--- Task inputs ---
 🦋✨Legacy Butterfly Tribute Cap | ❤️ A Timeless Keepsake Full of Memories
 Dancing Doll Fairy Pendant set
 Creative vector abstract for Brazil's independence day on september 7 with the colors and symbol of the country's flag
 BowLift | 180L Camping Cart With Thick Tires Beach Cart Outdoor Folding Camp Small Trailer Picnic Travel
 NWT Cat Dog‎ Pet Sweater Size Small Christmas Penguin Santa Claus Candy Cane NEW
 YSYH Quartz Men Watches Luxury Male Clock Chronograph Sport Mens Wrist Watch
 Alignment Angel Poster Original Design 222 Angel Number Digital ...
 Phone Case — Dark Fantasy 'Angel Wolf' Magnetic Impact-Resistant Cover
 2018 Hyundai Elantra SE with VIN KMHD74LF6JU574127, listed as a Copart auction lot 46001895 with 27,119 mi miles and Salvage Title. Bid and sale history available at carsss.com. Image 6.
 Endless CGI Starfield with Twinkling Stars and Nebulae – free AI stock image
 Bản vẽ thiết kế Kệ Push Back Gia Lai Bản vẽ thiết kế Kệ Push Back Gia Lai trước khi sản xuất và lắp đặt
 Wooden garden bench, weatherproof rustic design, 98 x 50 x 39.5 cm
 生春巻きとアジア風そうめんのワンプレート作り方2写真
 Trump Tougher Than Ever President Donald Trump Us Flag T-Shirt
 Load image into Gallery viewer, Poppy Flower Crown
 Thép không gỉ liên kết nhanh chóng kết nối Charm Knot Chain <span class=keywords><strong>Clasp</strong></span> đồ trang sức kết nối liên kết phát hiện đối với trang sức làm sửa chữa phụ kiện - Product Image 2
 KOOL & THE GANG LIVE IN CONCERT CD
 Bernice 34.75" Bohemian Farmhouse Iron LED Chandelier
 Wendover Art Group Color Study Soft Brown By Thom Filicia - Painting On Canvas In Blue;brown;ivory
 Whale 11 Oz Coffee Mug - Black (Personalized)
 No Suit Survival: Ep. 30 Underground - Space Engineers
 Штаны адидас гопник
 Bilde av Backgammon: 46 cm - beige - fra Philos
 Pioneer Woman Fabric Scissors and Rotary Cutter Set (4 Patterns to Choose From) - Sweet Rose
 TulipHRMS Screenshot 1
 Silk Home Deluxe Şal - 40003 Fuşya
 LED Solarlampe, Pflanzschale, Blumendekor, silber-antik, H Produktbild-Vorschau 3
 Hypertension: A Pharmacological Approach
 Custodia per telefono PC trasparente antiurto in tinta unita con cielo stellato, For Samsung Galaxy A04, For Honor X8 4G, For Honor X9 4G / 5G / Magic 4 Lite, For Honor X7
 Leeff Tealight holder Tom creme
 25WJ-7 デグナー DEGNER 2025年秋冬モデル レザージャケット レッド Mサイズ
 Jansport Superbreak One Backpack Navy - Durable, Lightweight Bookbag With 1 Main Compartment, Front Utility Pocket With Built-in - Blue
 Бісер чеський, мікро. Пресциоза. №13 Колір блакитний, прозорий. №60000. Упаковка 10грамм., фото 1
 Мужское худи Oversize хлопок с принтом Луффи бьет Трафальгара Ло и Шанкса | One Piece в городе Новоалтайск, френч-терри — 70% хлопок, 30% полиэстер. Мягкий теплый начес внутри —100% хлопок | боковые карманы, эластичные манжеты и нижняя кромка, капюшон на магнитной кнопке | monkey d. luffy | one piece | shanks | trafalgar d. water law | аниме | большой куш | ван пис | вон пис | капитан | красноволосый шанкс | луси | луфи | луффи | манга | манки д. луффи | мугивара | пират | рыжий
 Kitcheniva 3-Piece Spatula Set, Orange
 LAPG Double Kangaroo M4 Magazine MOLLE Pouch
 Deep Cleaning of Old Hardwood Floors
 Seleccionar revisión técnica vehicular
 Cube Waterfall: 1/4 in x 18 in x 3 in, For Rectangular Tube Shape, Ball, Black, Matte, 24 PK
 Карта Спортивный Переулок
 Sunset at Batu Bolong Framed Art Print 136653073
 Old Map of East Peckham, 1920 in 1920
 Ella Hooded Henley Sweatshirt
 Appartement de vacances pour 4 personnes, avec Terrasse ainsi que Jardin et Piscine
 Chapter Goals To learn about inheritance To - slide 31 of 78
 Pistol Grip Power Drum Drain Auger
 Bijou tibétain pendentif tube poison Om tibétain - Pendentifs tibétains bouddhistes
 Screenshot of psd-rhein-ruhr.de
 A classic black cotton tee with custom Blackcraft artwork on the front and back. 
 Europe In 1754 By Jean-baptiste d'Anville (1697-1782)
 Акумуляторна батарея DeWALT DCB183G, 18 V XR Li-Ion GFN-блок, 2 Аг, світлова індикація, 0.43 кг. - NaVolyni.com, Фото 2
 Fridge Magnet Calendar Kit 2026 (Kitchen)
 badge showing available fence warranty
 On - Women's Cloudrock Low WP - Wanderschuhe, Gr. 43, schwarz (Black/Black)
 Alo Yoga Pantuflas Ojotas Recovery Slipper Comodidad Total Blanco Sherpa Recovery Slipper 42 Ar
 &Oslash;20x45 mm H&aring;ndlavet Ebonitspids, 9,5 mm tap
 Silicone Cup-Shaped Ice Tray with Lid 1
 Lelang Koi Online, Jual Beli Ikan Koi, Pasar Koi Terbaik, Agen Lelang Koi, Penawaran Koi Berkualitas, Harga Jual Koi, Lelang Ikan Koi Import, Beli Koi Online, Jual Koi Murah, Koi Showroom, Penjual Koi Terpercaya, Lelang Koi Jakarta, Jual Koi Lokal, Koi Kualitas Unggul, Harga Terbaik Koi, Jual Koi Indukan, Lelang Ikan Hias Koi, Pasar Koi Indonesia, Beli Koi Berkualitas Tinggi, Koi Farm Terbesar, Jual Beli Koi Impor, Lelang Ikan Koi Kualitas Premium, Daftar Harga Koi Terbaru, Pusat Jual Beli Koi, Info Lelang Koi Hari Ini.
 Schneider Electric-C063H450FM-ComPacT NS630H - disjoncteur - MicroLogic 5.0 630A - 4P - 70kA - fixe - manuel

--- Assigned task ---
Please reproduce, exactly as they appear above, the lines from the line containing "生春巻きとアジア風そうめんのワンプレート作り方2写真" up to and including the line containing "Wendover Art Group".

--- Task solution ---
 生春巻きとアジア風そうめんのワンプレート作り方2写真
 Trump Tougher Than Ever President Donald Trump Us Flag T-Shirt
 Load image into Gallery viewer, Poppy Flower Crown
 Thép không gỉ liên kết nhanh chóng kết nối Charm Knot Chain <span class=keywords><strong>Clasp</strong></span> đồ trang sức kết nối liên kết phát hiện đối với trang sức làm sửa chữa phụ kiện - Product Image 2
 KOOL & THE GANG LIVE IN CONCERT CD
 Bernice 34.75" Bohemian Farmhouse Iron LED Chandelier
 Wendover Art Group Color Study Soft Brown By Thom Filicia - Painting On Canvas In Blue;brown;ivory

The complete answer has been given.